Data provided:
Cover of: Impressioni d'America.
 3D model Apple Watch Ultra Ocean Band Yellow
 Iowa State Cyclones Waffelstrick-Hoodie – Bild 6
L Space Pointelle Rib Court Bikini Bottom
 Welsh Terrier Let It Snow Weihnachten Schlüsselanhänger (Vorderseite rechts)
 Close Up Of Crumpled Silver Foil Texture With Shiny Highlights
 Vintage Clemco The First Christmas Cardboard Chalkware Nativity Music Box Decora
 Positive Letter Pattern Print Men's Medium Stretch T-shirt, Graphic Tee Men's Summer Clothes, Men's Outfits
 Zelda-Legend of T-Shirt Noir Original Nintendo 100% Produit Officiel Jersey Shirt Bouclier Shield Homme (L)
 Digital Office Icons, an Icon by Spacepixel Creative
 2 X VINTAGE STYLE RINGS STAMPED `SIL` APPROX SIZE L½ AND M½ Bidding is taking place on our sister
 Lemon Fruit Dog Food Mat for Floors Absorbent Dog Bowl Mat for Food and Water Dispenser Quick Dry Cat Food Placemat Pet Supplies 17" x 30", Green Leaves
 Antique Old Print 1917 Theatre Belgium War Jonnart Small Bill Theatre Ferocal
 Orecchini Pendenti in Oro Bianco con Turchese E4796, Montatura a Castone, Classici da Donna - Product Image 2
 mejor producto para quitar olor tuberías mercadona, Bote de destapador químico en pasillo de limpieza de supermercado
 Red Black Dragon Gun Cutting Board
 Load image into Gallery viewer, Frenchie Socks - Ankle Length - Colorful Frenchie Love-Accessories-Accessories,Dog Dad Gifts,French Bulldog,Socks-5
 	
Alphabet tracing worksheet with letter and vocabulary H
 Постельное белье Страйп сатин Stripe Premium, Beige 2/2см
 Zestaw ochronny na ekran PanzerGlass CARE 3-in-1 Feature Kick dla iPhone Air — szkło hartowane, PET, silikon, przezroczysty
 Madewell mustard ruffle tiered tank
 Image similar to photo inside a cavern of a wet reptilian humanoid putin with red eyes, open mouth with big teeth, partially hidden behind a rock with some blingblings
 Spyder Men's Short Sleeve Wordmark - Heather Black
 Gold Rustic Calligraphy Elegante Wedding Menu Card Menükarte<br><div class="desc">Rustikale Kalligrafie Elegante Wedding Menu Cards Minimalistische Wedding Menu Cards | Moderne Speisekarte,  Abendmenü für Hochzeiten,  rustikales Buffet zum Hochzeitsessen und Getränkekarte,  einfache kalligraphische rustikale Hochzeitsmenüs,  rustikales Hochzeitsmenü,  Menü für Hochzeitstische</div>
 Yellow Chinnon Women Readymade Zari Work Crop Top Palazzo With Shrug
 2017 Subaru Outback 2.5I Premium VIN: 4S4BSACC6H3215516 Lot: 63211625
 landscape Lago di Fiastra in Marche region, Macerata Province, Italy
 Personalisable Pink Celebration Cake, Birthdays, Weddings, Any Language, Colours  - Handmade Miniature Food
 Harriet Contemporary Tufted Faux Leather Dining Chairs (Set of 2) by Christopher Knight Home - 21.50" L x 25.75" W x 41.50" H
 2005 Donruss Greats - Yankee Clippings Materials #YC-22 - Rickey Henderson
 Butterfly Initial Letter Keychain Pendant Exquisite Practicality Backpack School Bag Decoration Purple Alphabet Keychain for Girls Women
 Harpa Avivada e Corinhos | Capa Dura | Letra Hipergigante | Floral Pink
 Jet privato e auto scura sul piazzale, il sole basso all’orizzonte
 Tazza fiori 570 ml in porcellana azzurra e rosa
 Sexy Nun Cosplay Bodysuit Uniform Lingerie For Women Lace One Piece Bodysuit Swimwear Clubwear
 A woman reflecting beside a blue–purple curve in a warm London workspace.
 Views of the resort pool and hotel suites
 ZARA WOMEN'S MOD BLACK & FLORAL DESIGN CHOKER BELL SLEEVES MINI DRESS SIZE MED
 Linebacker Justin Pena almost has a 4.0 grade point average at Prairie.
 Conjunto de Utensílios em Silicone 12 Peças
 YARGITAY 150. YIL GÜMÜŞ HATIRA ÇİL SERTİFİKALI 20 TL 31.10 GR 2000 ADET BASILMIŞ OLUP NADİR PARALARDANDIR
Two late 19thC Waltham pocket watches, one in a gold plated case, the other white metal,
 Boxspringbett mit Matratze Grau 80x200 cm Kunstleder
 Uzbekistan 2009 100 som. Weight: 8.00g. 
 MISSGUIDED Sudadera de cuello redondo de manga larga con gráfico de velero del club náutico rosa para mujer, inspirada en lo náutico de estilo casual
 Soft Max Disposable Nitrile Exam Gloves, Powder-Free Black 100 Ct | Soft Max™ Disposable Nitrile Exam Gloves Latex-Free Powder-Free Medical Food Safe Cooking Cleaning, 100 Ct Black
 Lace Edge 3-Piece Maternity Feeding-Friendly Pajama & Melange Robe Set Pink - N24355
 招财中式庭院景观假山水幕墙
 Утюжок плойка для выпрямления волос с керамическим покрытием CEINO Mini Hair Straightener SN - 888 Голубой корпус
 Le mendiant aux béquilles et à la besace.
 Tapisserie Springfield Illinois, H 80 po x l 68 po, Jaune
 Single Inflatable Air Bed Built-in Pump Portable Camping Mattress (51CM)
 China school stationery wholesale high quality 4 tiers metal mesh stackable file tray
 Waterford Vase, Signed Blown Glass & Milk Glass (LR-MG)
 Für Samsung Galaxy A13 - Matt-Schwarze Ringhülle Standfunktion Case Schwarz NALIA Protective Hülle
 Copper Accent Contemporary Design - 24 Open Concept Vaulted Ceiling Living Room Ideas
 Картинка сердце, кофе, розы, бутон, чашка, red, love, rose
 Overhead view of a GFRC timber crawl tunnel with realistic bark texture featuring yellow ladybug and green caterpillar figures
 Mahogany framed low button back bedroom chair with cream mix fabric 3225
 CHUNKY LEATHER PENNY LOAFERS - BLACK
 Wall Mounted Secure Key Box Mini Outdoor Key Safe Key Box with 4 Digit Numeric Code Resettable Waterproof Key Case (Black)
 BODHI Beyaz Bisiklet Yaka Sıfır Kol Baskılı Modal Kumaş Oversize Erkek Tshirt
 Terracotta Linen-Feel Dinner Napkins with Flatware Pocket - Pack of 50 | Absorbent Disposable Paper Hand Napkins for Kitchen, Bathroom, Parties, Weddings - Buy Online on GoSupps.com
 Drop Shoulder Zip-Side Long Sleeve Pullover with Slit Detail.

About this task: Exactly reproduce the lines that run from the line with "Lace Edge 3-Piece" through the last line of the records, inclusive.

Exercise output:
 Lace Edge 3-Piece Maternity Feeding-Friendly Pajama & Melange Robe Set Pink - N24355
 招财中式庭院景观假山水幕墙
 Утюжок плойка для выпрямления волос с керамическим покрытием CEINO Mini Hair Straightener SN - 888 Голубой корпус
 Le mendiant aux béquilles et à la besace.
 Tapisserie Springfield Illinois, H 80 po x l 68 po, Jaune
 Single Inflatable Air Bed Built-in Pump Portable Camping Mattress (51CM)
 China school stationery wholesale high quality 4 tiers metal mesh stackable file tray
 Waterford Vase, Signed Blown Glass & Milk Glass (LR-MG)
 Für Samsung Galaxy A13 - Matt-Schwarze Ringhülle Standfunktion Case Schwarz NALIA Protective Hülle
 Copper Accent Contemporary Design - 24 Open Concept Vaulted Ceiling Living Room Ideas
 Картинка сердце, кофе, розы, бутон, чашка, red, love, rose
 Overhead view of a GFRC timber crawl tunnel with realistic bark texture featuring yellow ladybug and green caterpillar figures
 Mahogany framed low button back bedroom chair with cream mix fabric 3225
 CHUNKY LEATHER PENNY LOAFERS - BLACK
 Wall Mounted Secure Key Box Mini Outdoor Key Safe Key Box with 4 Digit Numeric Code Resettable Waterproof Key Case (Black)
 BODHI Beyaz Bisiklet Yaka Sıfır Kol Baskılı Modal Kumaş Oversize Erkek Tshirt
 Terracotta Linen-Feel Dinner Napkins with Flatware Pocket - Pack of 50 | Absorbent Disposable Paper Hand Napkins for Kitchen, Bathroom, Parties, Weddings - Buy Online on GoSupps.com
 Drop Shoulder Zip-Side Long Sleeve Pullover with Slit Detail.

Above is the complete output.